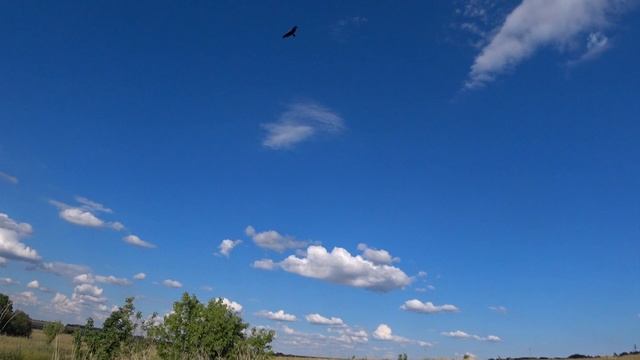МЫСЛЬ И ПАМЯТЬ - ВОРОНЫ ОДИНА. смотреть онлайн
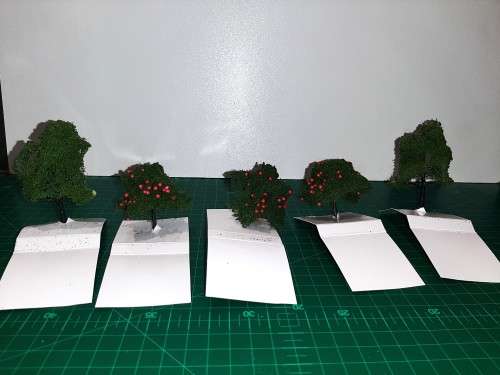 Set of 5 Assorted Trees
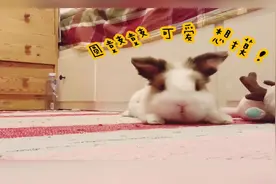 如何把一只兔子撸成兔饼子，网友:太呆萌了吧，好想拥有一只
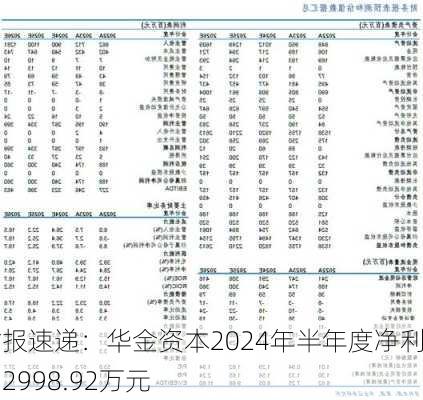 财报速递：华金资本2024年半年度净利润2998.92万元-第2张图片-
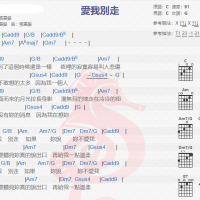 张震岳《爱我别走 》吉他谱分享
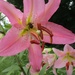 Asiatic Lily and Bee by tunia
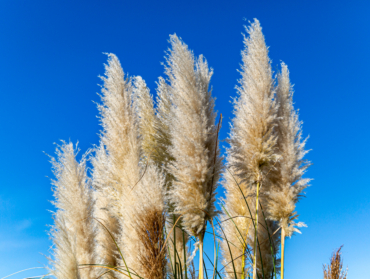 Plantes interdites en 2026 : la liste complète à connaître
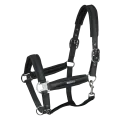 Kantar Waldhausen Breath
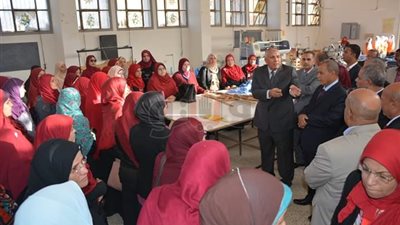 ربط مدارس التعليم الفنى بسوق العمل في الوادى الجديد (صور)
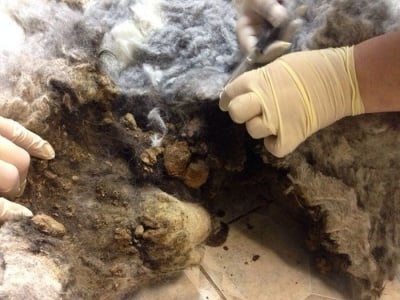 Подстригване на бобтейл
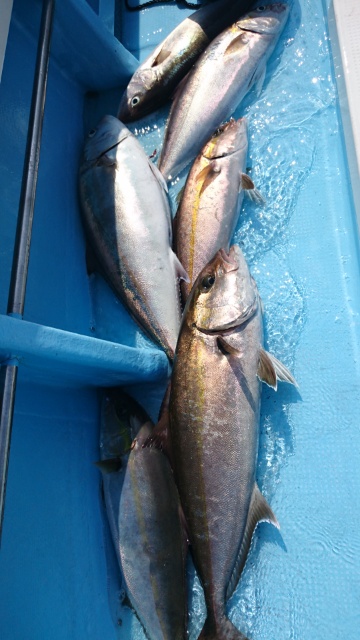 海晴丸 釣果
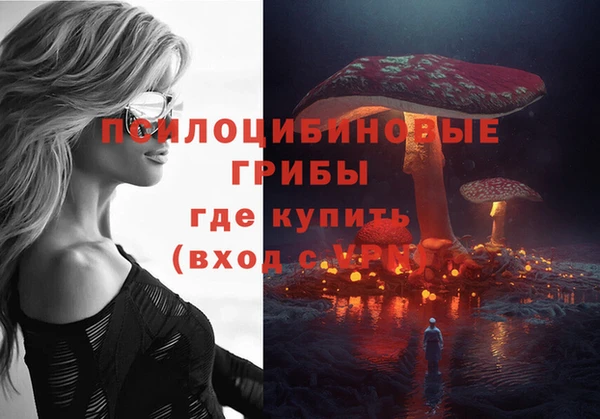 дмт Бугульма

**Your objective**
Everything in the listing above must be retyped exactly, except for the pictures.

**Response**
МЫСЛЬ И ПАМЯТЬ - ВОРОНЫ ОДИНА. смотреть онлайн
 Set of 5 Assorted Trees
 如何把一只兔子撸成兔饼子，网友:太呆萌了吧，好想拥有一只
 财报速递：华金资本2024年半年度净利润2998.92万元-第2张图片-
 张震岳《爱我别走 》吉他谱分享
 Asiatic Lily and Bee by tunia
 Plantes interdites en 2026 : la liste complète à connaître
 Kantar Waldhausen Breath
 ربط مدارس التعليم الفنى بسوق العمل في الوادى الجديد (صور)
 Подстригване на бобтейл
 海晴丸 釣果
 дмт Бугульма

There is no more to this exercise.